We then went to the more expensive part of the visit and the more stressful...but only in the sense that there were so many wonderful pieces to see and purchase that it was difficult to make up our minds on what we wanted. Across the courtyard from the workshops is a show room that simply takes one's breath away with the array of plates, bowls, cups, tiles, towel racks and so on. Mai was selecting stock for her gallery, while Tracy and I were looking at tiles for accents in our new homes. We probably spent a couple of hours in the showroom pondering pots, contemplating cups, and deliberating over dishes. While we were mulling over the possibilities, some of Evelyne's potters came in to assist her in assembling an order for someone and simply to work in the cool of the showroom.

After spending a ridiculously small amount on tiles and dishes when one considers the lovely products and what they would cost outside of Egypt, we retired to the poolside for a snack of homemade water buffalo cheese, bread, olives and grapes. Tracy wandered around taking about 150 photos of the landscape, the house and courtyards, the decorations on the buildings, the woodworking, and so on as the style is the sort of thing that we prefer for the building that we will be doing.

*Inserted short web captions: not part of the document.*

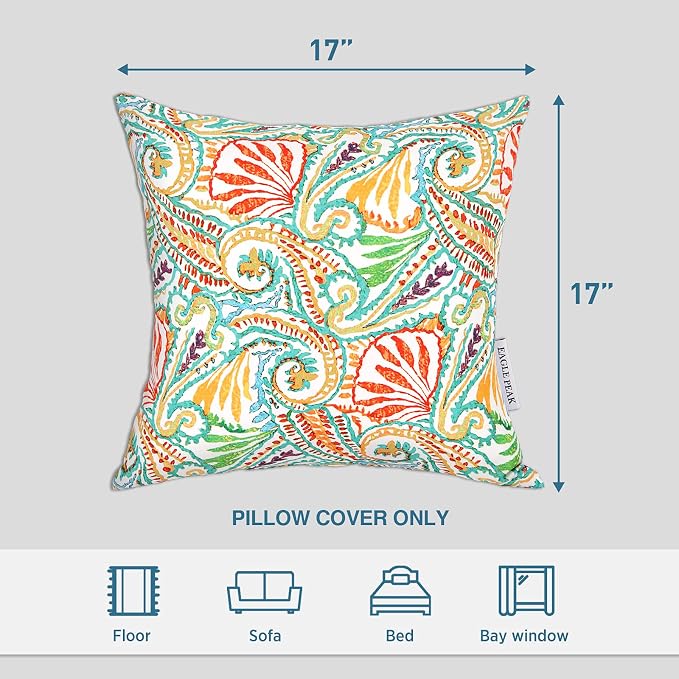 EAGLE PEAK Set of 4 Throw Pillow Covers, Modern Decorative Square Toss Pillow Cushion Case 17 x 17 inch for Home Patio Garden Sofa Chair Couch Furniture， Paisley White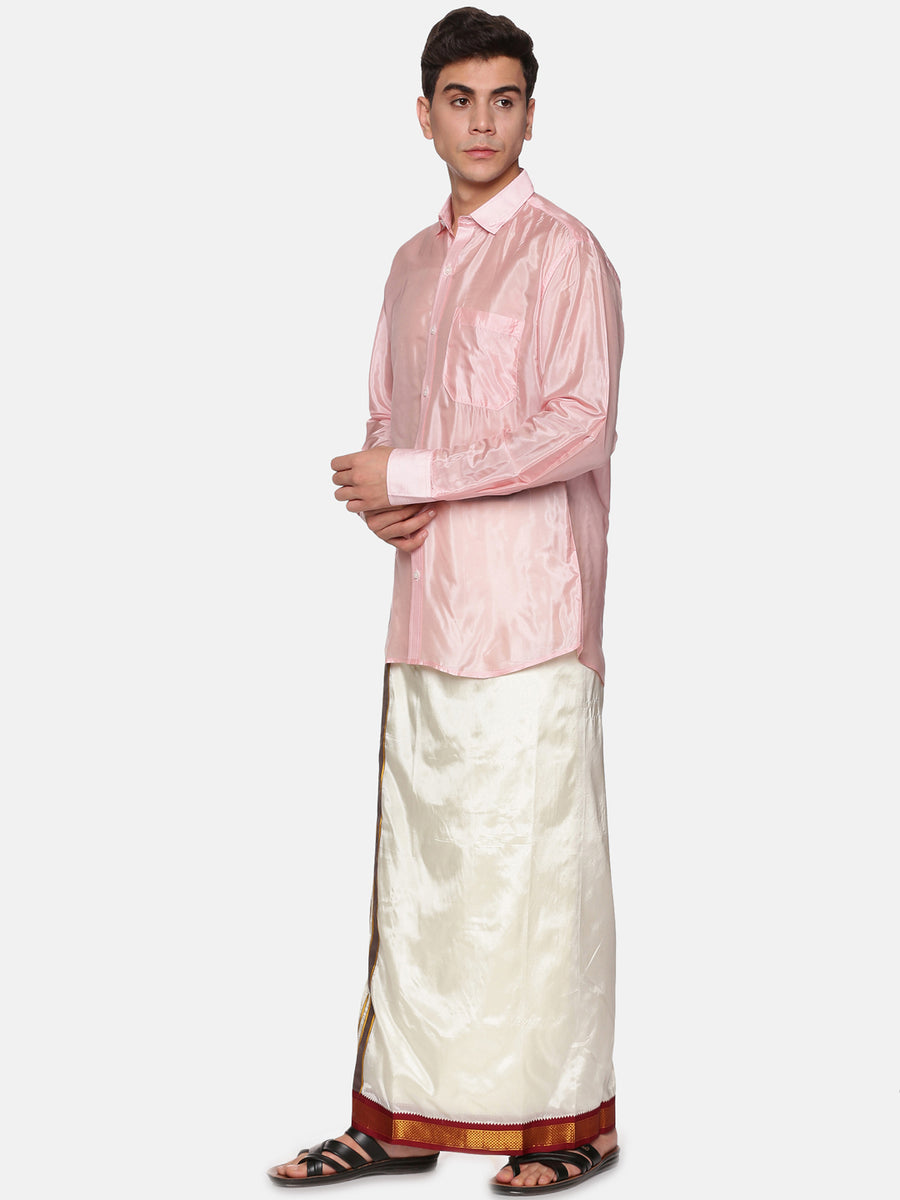 Men Full Sleeve Cream Colour Shirt and Pocket Dhoti Set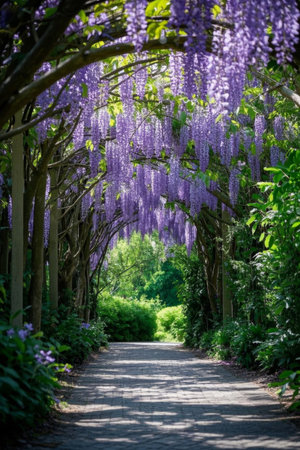 Garden path under purple wisteria flowersの素材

This is an extraordinary place by any concept. The travel there through the oasis and the desert, the wonderful compound that Evelyne and Michel have built over the years, and the hospitality of our hostess made for a perfect day. Of course the unpredictability of Egypt had to kick in at some point, which it did on the way home when the fuel line in Mai's old VW bug clogged necessitating a stop on the desert highway to Giza. Tracy and I drove on a few kilometres ahead to buy a bit of gas to bring back to Mai and her daughter who were stranded on the roadside and, since we would have had to overshoot their location by a significant amount had we come back on the highway, we opted to drive offroad through the desert amid much laughter and concern for the safety of our pottery in the back of the jeep. We all (even the tiles) arrived in one piece, a friendly mechanic in a taxi stopped by Mai's bug and removed the clog, and we were back on the road home in a short while.